Half of the annual precipitation falls in fewer and fewer days
Photo: Heavy rain in Berlin (Sascha Kohlmann, www.flickr.com)
Global warming is changing the annual distribution of daily precipitation across Europe. In parts of Europe, total precipitation volumes are increasing, in other parts they are decreasing, but almost everywhere it rains much harder when it rains. This has already been observed in precipitation data from the past and this trend will continue this century. We’ve seen the impacts in the media: extreme precipitation events causing severe floods and landslides, such as the event in July 2021 in Germany, Belgium, Luxembourg and the Netherlands. At the same time extreme drought events are becoming more frequent as well.

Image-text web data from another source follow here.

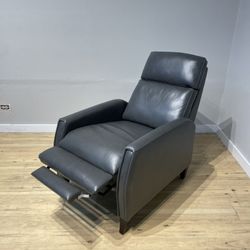 Gray Leather Pushback Recliner Chair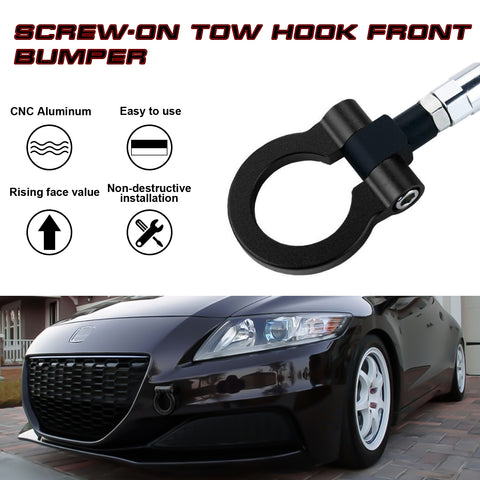 Set Sporty Style Front Bumper Tow Strap+Towing Hook For Honda Insight 2011-2014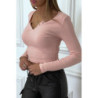 Crop top rose poudré côtelé à col v à pression fantaisie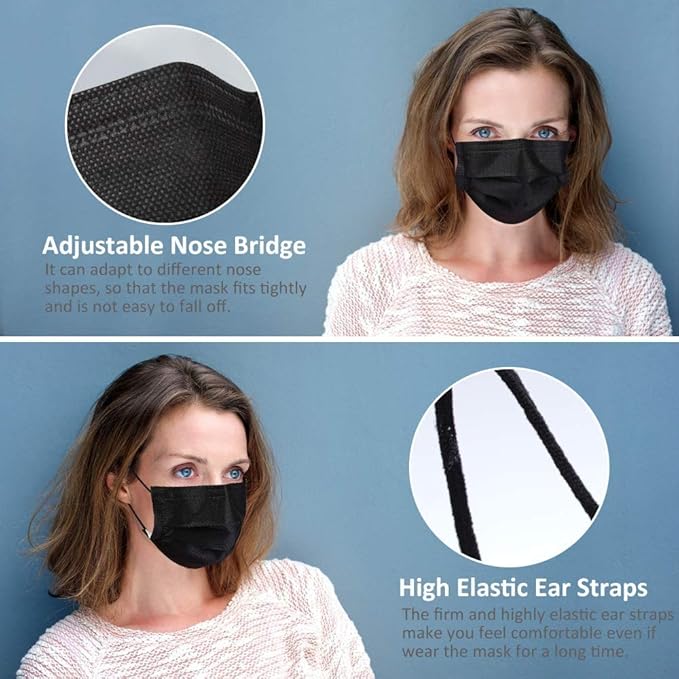 LEMENT 500pcs Disposable Black Mask,3-Ply Face Masks with Earloops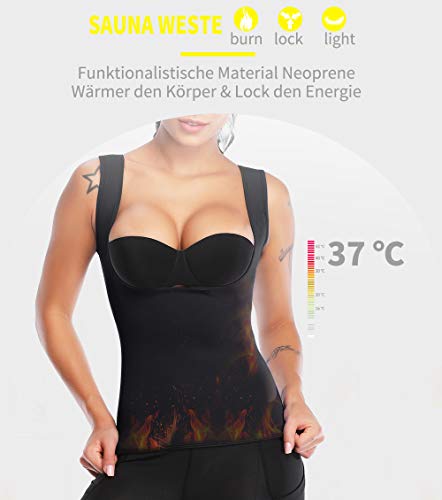 MISS MOLY Fajas Reductoras Adelgazantes Neopreno Chaleco Sauna Body Hot Shaper Camisetas de Sudoración Fitness Deportivo Vest Underbust Corset para Mujer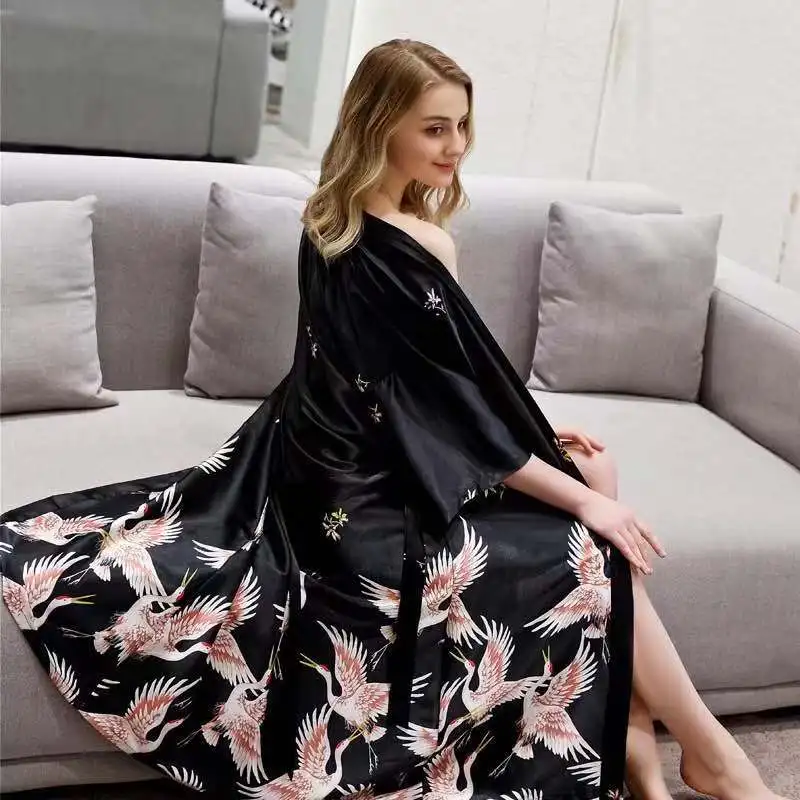 Сексуальное женское длинное свадебное платье невесты халат из вискозы кимоно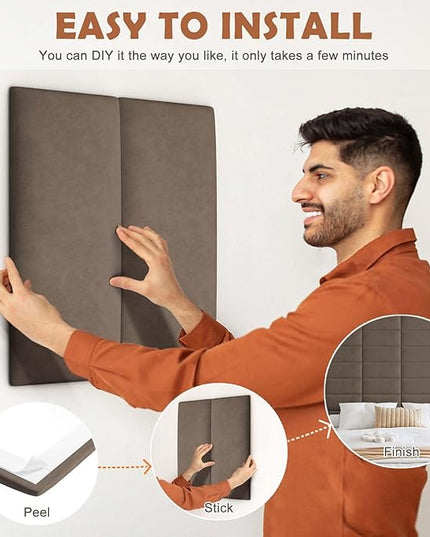 Wall Mounted Upholstered Headboard Queen, 3D Peel and Stick Soundproof Wall Panels, Reusable and Removable Padded Headboard Leather Bed Headboard, 9 Panels Headboard 9.84" x 23.62", Coffee - LeafyLoom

A simple indicator to express these changes is the number of wettest days it takes to produce 50% of the annual precipitation. From detailed datasets of precipitation across Europe, this indicator was calculated for the period 1950–2021. In many parts of Europe half of the annual precipitation falls in 22–34 days. Between the periods of 1950–1985 and 1986–2021, this number has reduced by at least two days in 40% of Europe’s land area, especially in southern and central Europe.

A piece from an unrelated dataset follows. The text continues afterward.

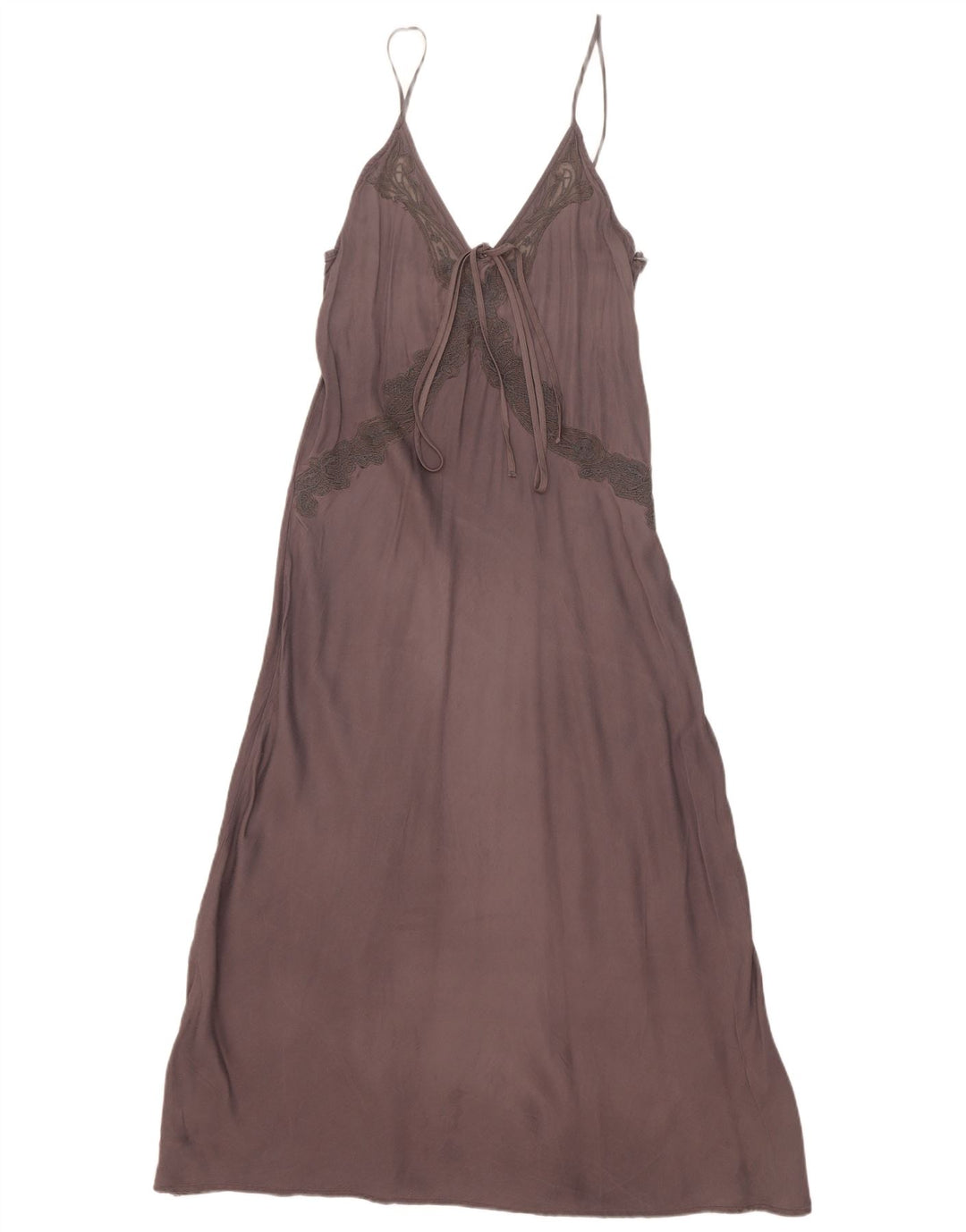 Zara Femme Maxi Slip Robe UK 12 Gris Moyen Viscose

The fact that this number of days has decreased the most in the south of Europe is dramatic since this indicator is already the lowest in the south. This indicator generally decreases over Europe in a north-south direction. In most parts of western, central, and northern Europe, it takes between 22 and 34 of the wettest days to make up 50% of the annual precipitation, while this number is only 16 in areas along the Mediterranean Sea.

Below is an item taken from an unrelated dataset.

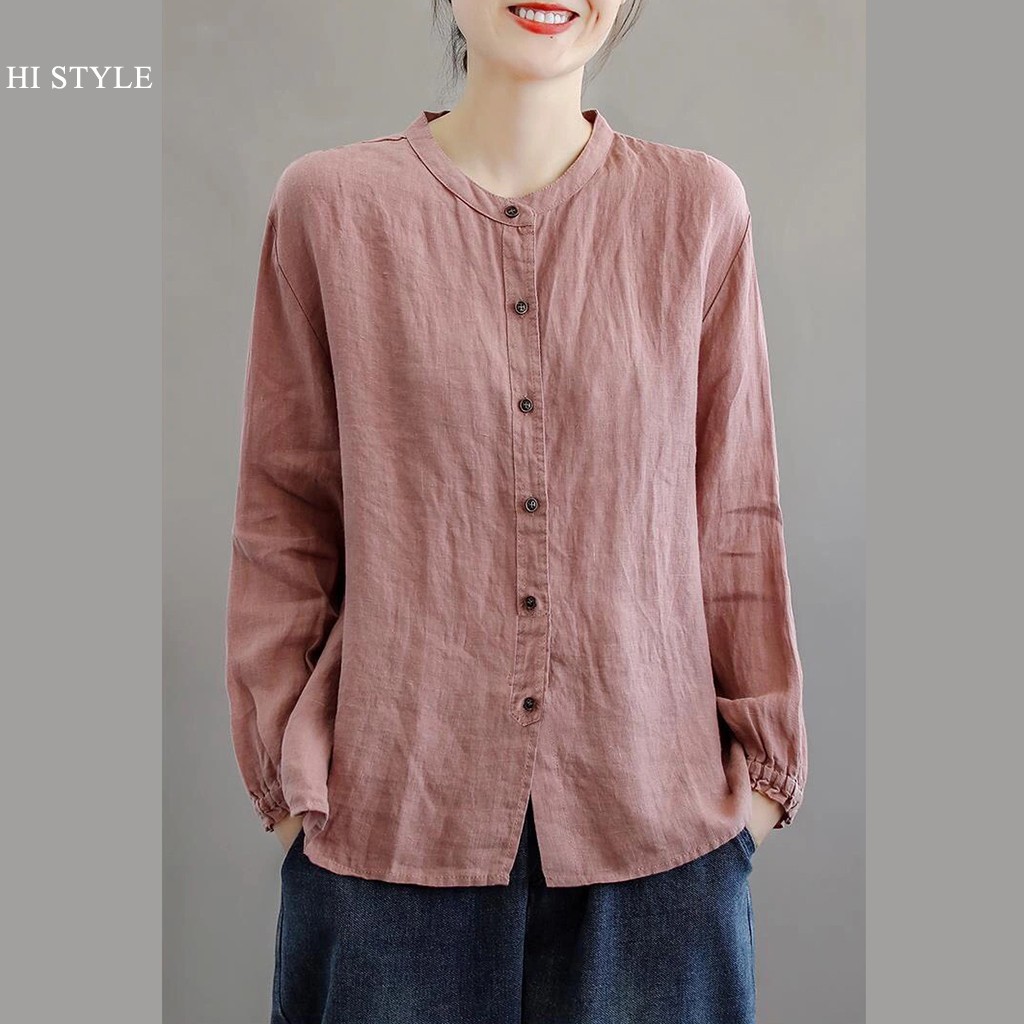 Áo Somi Nữ form rộng có size to ống tay dài kiểu dáng Vintage Rentro Áo Sơ Mi phong cách Hàn Quốc Korea - HI STYLE shop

This increasingly uneven distribution of daily precipitation throughout the year will challenge water management infrastructure and future water availability for the agricultural, hydropower, ecological, and urban sectors, and will continue to cause extreme flash flooding events. Already, 70% of Europe’s flood casualties are due to flash floods – mainly in southern Europe – and the number of flash floods is increasing.